Choosing what to read
You probably have some idea of what interests you most in your chosen degree subject. A simple Google search on the topic you’re interested in will lead you down a rabbit hole of books, films, and documentaries you could consume. How, then, do you choose what to read?
Here are three pieces of advice:
1. Ask for recommendations
Lecturers, teachers and librarians will be able to point you in the right direction. Most people love discussing the field they are interested in and will have no problem giving you pointers. They may even be able to lend you copies of their favourite material!
2. Geek out
In Unifrog’s Subjects library go to the ‘Geek out’ section for your chosen subject. Here you’ll find everything you need to broaden your understanding, including three important fiction books and three important nonfiction books.
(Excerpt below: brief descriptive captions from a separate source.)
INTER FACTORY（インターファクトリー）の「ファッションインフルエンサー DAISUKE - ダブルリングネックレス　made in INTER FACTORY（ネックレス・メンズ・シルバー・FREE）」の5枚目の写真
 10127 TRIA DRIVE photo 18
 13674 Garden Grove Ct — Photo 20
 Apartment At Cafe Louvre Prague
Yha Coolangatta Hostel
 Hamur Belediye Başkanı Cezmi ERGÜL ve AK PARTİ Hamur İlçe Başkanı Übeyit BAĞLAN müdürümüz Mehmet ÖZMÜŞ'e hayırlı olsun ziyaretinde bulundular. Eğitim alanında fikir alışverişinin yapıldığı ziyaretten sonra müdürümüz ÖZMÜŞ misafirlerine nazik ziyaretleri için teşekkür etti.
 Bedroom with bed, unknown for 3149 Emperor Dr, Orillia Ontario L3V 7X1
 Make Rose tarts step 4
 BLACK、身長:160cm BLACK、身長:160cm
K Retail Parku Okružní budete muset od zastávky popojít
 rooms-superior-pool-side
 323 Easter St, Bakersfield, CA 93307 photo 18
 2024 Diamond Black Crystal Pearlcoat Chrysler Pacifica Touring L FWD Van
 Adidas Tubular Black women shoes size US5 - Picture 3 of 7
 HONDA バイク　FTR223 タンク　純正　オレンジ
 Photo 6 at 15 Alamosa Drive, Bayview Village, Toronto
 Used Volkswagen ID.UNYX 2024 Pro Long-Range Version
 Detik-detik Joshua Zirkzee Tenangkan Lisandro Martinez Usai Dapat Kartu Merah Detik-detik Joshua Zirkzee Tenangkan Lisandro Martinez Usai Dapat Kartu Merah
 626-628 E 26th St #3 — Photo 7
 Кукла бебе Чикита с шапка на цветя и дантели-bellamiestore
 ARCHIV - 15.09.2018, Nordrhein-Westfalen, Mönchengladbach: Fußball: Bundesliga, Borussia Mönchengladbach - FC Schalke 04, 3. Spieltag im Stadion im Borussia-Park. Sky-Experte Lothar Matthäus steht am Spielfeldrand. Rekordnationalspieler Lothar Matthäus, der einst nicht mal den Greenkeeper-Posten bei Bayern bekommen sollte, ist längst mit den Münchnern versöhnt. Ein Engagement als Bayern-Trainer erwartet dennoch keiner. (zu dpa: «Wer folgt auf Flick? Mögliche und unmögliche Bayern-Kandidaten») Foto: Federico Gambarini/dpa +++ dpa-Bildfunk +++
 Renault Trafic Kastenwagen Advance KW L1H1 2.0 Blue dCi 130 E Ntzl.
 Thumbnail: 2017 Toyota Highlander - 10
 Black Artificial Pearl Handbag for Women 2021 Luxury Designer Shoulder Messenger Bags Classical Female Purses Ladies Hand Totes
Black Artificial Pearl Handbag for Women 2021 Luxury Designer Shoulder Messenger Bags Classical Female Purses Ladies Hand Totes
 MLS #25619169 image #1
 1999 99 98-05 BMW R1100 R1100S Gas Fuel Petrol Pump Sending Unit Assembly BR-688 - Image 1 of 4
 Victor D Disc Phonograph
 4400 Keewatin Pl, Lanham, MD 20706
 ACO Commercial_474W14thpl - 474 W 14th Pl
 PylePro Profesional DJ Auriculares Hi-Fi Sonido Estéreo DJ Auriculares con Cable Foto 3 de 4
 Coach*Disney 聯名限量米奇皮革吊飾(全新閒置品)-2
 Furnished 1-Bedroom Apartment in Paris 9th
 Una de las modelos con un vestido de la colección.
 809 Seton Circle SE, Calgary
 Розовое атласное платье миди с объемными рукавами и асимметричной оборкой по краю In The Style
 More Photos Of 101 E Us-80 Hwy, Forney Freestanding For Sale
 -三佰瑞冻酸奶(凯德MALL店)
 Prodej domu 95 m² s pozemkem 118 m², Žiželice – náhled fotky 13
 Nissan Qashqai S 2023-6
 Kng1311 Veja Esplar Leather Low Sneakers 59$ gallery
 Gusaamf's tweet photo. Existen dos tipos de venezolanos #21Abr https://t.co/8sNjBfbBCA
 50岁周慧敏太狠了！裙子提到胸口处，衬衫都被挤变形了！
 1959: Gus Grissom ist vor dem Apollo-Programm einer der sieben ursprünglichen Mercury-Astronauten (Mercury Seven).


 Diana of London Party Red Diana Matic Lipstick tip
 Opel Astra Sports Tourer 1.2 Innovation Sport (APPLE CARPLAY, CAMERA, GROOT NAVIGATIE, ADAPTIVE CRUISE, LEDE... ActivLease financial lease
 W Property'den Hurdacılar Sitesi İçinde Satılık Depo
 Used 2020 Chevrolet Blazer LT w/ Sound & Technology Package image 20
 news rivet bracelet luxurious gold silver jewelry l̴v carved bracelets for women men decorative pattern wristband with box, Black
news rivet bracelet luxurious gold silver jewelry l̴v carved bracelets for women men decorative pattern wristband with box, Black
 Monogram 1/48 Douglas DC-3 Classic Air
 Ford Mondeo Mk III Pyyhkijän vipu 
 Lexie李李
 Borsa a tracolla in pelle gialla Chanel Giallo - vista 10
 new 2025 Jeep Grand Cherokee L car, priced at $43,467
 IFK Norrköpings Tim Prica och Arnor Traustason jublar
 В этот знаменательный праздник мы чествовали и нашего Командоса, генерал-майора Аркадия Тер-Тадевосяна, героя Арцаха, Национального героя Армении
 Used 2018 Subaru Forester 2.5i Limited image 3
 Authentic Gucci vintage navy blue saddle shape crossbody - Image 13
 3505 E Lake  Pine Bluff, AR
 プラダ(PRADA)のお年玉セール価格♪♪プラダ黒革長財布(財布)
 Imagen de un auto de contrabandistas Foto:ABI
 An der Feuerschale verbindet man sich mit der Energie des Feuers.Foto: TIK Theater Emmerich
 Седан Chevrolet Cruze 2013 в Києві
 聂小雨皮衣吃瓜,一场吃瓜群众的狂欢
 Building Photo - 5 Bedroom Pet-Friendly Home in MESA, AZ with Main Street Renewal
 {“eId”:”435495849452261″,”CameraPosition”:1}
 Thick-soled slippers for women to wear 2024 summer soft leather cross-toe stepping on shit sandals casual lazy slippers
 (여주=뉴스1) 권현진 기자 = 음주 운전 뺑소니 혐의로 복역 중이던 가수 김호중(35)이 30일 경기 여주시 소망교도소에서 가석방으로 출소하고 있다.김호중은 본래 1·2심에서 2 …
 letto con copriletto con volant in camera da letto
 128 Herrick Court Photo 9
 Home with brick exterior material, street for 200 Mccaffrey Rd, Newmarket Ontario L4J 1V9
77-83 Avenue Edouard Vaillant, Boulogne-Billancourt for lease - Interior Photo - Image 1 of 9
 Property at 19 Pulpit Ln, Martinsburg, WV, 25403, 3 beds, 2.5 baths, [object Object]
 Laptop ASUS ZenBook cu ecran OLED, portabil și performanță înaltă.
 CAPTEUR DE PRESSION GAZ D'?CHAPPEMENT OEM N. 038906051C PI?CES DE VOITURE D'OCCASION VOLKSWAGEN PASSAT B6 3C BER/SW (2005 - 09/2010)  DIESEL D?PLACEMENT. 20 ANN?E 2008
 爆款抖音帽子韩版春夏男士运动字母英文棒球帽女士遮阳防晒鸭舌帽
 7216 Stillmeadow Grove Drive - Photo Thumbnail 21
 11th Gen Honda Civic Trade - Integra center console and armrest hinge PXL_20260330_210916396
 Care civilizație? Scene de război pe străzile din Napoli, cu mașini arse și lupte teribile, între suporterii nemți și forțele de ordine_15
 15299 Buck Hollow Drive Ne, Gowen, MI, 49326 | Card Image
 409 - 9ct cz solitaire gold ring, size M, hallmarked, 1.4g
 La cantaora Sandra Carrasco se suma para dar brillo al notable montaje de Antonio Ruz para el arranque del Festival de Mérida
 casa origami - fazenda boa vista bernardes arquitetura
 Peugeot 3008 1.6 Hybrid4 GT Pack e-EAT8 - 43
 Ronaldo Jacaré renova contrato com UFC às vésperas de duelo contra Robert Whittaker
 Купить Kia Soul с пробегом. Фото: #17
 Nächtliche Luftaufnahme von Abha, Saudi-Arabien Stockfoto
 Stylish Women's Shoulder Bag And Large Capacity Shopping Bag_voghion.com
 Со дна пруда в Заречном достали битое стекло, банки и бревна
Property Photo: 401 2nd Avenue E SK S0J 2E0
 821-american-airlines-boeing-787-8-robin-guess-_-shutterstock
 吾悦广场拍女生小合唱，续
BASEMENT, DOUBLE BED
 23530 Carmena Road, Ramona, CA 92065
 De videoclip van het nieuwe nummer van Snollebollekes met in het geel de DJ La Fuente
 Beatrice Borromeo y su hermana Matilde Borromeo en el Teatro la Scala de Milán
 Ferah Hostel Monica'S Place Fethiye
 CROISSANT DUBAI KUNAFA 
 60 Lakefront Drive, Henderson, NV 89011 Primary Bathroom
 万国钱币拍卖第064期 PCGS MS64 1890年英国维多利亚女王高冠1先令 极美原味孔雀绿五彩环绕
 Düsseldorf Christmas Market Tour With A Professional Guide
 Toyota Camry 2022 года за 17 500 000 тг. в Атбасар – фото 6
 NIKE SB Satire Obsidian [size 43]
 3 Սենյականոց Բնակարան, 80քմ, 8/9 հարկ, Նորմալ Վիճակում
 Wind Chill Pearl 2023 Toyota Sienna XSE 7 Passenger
You’ll also find information on hot topics within the field, influential academics, interesting articles, videos and podcasts.
2. Check recommended reading lists
At many universities, each department publishes a list of texts that they see as important for gaining a deeper understanding of the subject. You do not have to read every item on every list of every university, but identifying materials that are commonly listed can help you to determine the major fundamental books or topics your wider reading should focus on. For example, Oxford University has a directory of recommended reading, organised by subject.
Remember not to feel constrained by people’s advice or the recommended reading lists. It’s important to be able to critically analyse the texts you read - so you need to enjoy them!